John Wick me fait me poser une grave question : Peut-on, avec toute l’honnêteté du monde, mettre un 10/10 Coup de Cœur à un film pas exceptionnel, avec un scènario vu et revu et même un peu absurde vu son pitch de départ, et qui ne révolutionne rien ? A partir de quel moment peut-on mettre la note maximale à un film ? Quand on le considère comme un chef-d’œuvre objectif ? Quand il nous fait ressentir un plaisir au visionnage tel que, galvanisé sur l'instant, on ne peut s’empêcher de le surnoter avant de de rendre compte avec le recul qu'il n'était pas si bien que ça au final ? Ou tout simplement quand on considère que si un film assume pleinement ses limites mais met tout en œuvre pour être aussi mémorable que possible dans l'esprit du public, il mérite une sympathie que certains pourront juger disproportionnée, mais qui nous satisfait très bien en notre qualité de cinéphile ?
Je pencherai plutôt pour cette dernière réponse. Car à mon sens, le 10 n'est pas un chiffre réservé à l'excellence ou au mérite, il est ouvert à toute œuvre qui saura faire vibrer notre cœur, qui nous emportera tout du long par une étrange alchimie de facteurs que nous serons seuls à considérer comme un cocktail amenant à la perfection.

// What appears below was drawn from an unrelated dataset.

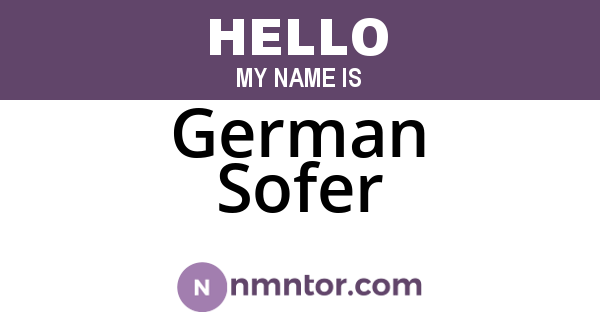 German Sofer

Mais alors, impatient lecteur, tu me demanderas pourquoi je considère que John Wick est un film qui mérite 10/10, chose totalement bizarre car toi tu n'as peut-être pas aimé, de même que tous tes amis et éclaireurs qui lui ont mis des 3, 4, peut-être 6/10 pour les plus généreux, ce qui te donne un sentiment de supériorité et de confort en sachant que tu fais partie de la masse et que tous ceux qui n'ont pas le même avis que toi seront considérés par cette même masse comme des personnes étranges avec des gouts cinématographiques tout aussi saugrenus. Je ne te jette pas la pierre, car je sais très bien que tu es tout à fait en droit de ne pas aimer.
Mais ce qui compte le plus, ce n'est pas d'aimer ou non un film, c'est de savoir exprimer clairement pourquoi.

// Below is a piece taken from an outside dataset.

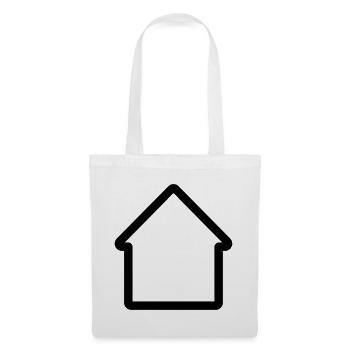 Minimales Hausumriss-Icon für Haus und Eigentum - Stoffbeutel - Weiß - Vorne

Car John Wick, c'est avant tout une histoire basique : Celle de John Wick, tueur à gages repenti qui vient de perdre sa femme adorée, et qui voit sa voiture volée et son nouveau chien assassiné par le fils du chef de la mafia russe, son ancien patron. Ivre de rage et de vengeance à l'égard de ce monde du crime qui ne semble pas vouloir lui lâcher la grappe malgré sa retraite, John repart en croisade pour les tuer tous.
Simple, clair, précis. On sait où l'histoire va nous mener et comment elle va se conclure.
La structure est facile à deviner : Situation initiale et présentation du personnage principal, élément déclencheur, bagarre, petite pause, bagarre, petite pause, bagarre, petite pause,... Et ça continue comme ça jusqu'au grand méchant de fin qui (Spoiler) se fait buter par le héros.
Originalité/20, n'est-il pas ?
Mais un scènario prévisible n'est pas un défaut en soi, tout dépend si le film se complet dans cette banalité, ou s'il tente des choses pour se démarquer.

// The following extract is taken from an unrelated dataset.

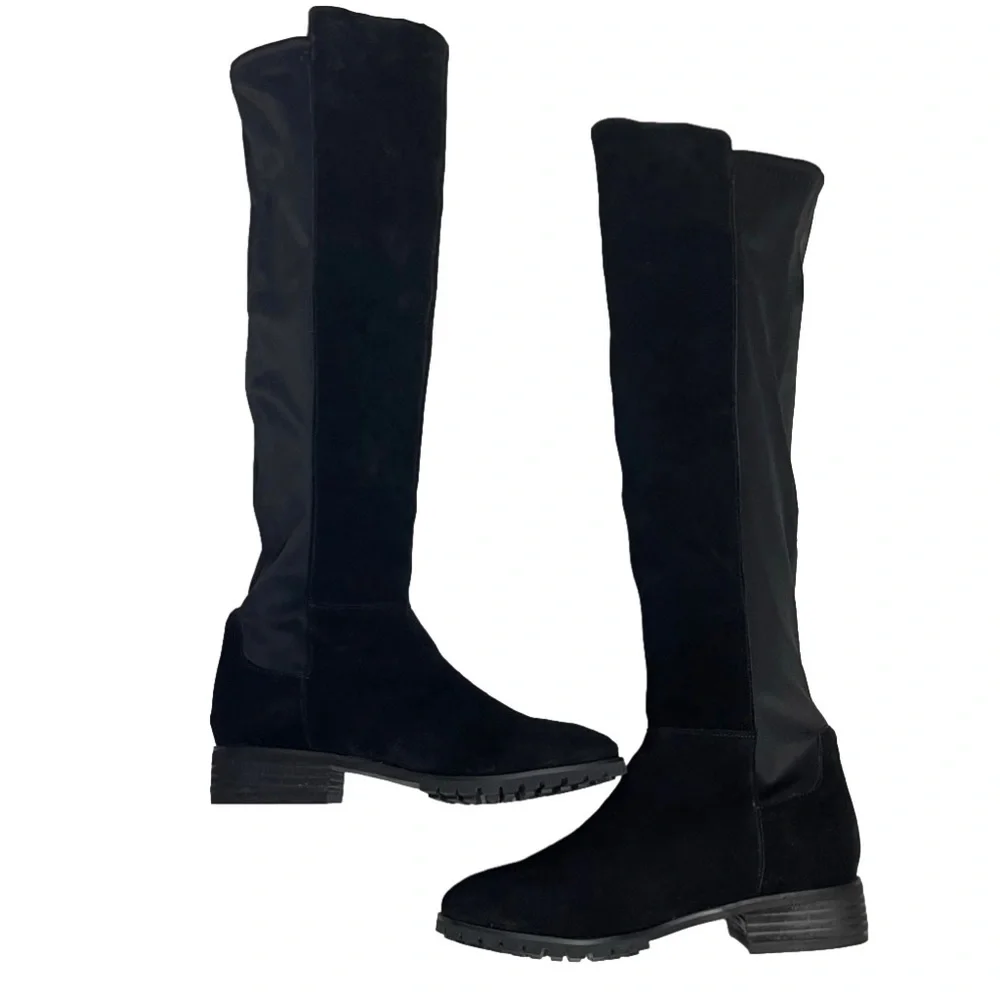 Black Over-the-Knee Women's Boots - Classic Suede Look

Et c'est très précisément là que John Wick fait fort.
Car dans sa manière de mettre en forme cette histoire, il atteint un degré de maitrise des codes du genre qui force le respect.
Le scènario ne prend pas de détours, pas de petits à-cotés inutiles, il n'essaye pas de péter plus haut que son cul. Il veut nous montrer un héros d'action dézinguer des mafieux pendant 1h30 ? Alors il nous montrera un héros d'action dézinguer des mafieux pendant 1h30. Point.
Ça peut sembler con, dit comme ça, mais un film qui joue à ce point la carte de la sobriété, qui ne devient pas un drame mélo chiant avec un héros qui se plaint pendant 10 minutes comment il est triste de plus avoir sa femme près de lui, je trouve que ça force le respect.
C'est comme si les 2 réalisateurs avaient pris tous les films d'action avec de la vengeance dedans, qu'ils les avaient mis dans un mixeur, qu'ils avaient fait cuire la substance obtenue, puis distillé le reste pour obtenir une unique goutte contenant l'essence même du genre.
John Wick, c'est un film qui revient aux fondamentaux, et qui s'en tape bien si vous êtes pas contents.


Rien que les 20 premières minutes, le premier acte du film censé exposer les personnages, est une belle réussite. En moins d'un quart d'heure, les 2 réalisateurs nous présentent John Wick, arrivent à nous faire ressentir le déchirement du personnage après la perte de sa femme, l'importance de ce chien et de cette voiture et pourquoi ces 3 points forment l’élément déclencheur de toute le reste du film. Une exposition sobre, pudique, mais pas dénuée d'émotion, sans avoir besoin d'en rajouter 3 couches histoire d'apitoyer le spectateur.
Puis après ça arrive cette scène absolument folle, où le grand méchant nous présente qui est John Wick, le tueur implacable que tout le monde appelle 'Baba Yaga', en parallèle de quoi l'on voit notre protagoniste détruire une dalle de béton sous laquelle était enseveli son arsenal.
Une renaissance.
Jusque-là on avait Keanu Reaves avec des cheveux longs en dépression, maintenant il devient John Wick, le Croquemitaine.



Well, John wasn't exactly the Boogeyman.
He was the one you sent to kill the fucking Boogeyman.



Je crois que c'est à ce moment précis que je suis tombé amoureux de ce film.
Ce moment où même le méchant se chie dessus à l'idée que le héros débarque pour le trucider.
Et il a bien raison d'avoir peur, vu ce qui vient après.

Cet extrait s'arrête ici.